Thanks for posting that one Mike. :thumbsup: 

~RK~


----------



## DinoMike (Jan 1, 1970)

Least I can do, after you guys have posted pics for me to gawk at back when I couldn't make the Fest.


----------



## ChrisW (Jan 1, 1970)

I haven't seen the sculpt, but with the head tilted down, the eyes could be painted (tooled?) looking from underneath the brow and eyelids, glowering out at you. A _very_ effective way of picturing Vlad Drakul's menace!


----------



## Jimmy B (Apr 19, 2000)

If there were a "victim" figure in the kit that pose would be appropriate. Without one, it just looks like Dracula is reacting to something he sees on the ground.[/quote]

Well hey - If you resided in the Carpathian Mountains and saw a desert dwelling Armadillo scurrying across the floor, you'd stop and stare at it too.


----------



## BKSinAZ (Jun 5, 2009)

Jimmy B said:


> If there were a "victim" figure in the kit that pose would be appropriate. Without one, it just looks like Dracula is reacting to something he sees on the ground.


Well hey - If you resided in the Carpathian Mountains and saw a desert dwelling Armadillo scurrying across the floor, you'd stop and stare at it too.[/QUOTE]

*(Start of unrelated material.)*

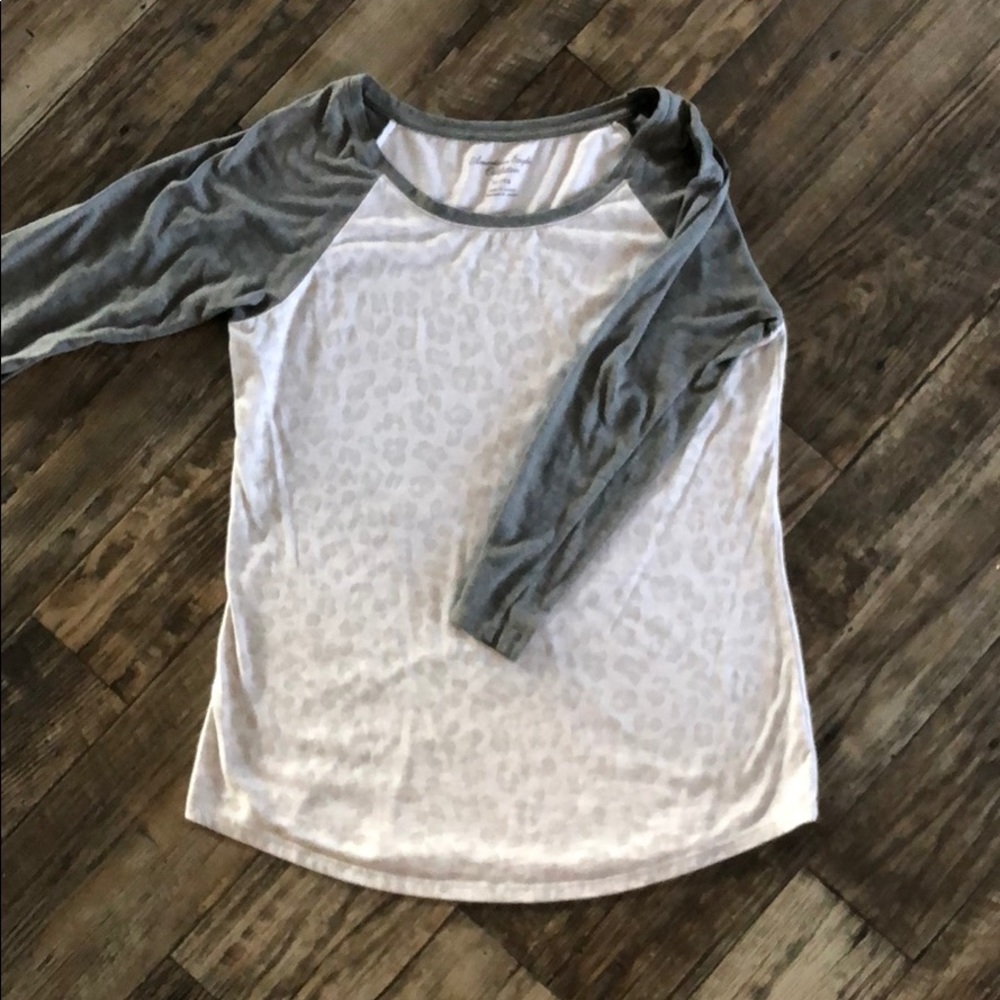 3/4 sleeve shirt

Man!!! That would be cool if they shipped this Dracula model to INCLUDE a female victim on an alter or bed of some type, giving him something to look down at. I realize that would drive the price of the kit up, but I would pay the cost!


----------



## Moonman27 (Aug 26, 2008)

Good point about the menacing glare ChrisW,head tilted down,with the pupils of his eyes half-visible under the eyelids....scary. It appears there is more work to do on the cape,since Drac's left hand does'nt quite fit the cape where it should. The HANDS and the FACE look far superior to the Moebius Frankenstein. The hands are the second most-important feature,besides the head,of any figure IMO. The base is really cool,and could easily be used for a lot of different figures by itself. I am currently painting an Aurora Monster Customizing kit large bat that would look great with this kit flying around Drac's head. I agree the head could come up a bit though. Looking great so far!! Moebius strikes again!! :thumbsup: P.S. I assume there will be a GLOW version!!


----------



## OzyMandias (Dec 29, 2004)

I love it! It's dripping with Lugosi style...


----------



## deadmanincfan (Mar 11, 2008)

Yup...I'll be a-buyin' one...


----------



## BatToys (Feb 4, 2002)

He must be on a stairway looking down. Maybe a few stairs need to be added?

Is David Fisher going to paint the box cover?


----------



## djnick66 (May 2, 2008)

Im probably in the minority but I am not overly impressed. Perhaps its the angle of the photo. But the base is really overpowering and the figure seems to be looking down.


----------



## RSN (Jul 29, 2008)

For those who can't picture the perspective shift of a front view, check out http://culttvman.com/main/ for a head on shot. The background is less overpowering and the pose more dynamic. I for one will withhold final opinion until the sculpt is approved and molds are made. So far, better than ANYTHING I could sculpt on my own!


----------



## dklange (Apr 25, 2009)

Here's a shot of the new Dracula that I took yesterday at the show. It looks like it will be a *beautiful* kit!!! When you see it in person it really looks impressive! - Denis


----------



## MonsterModelMan (Dec 20, 2000)

Holy freakin' WOW!!! I love this kit already!!! This latest pic shows it much better...thanks for posting!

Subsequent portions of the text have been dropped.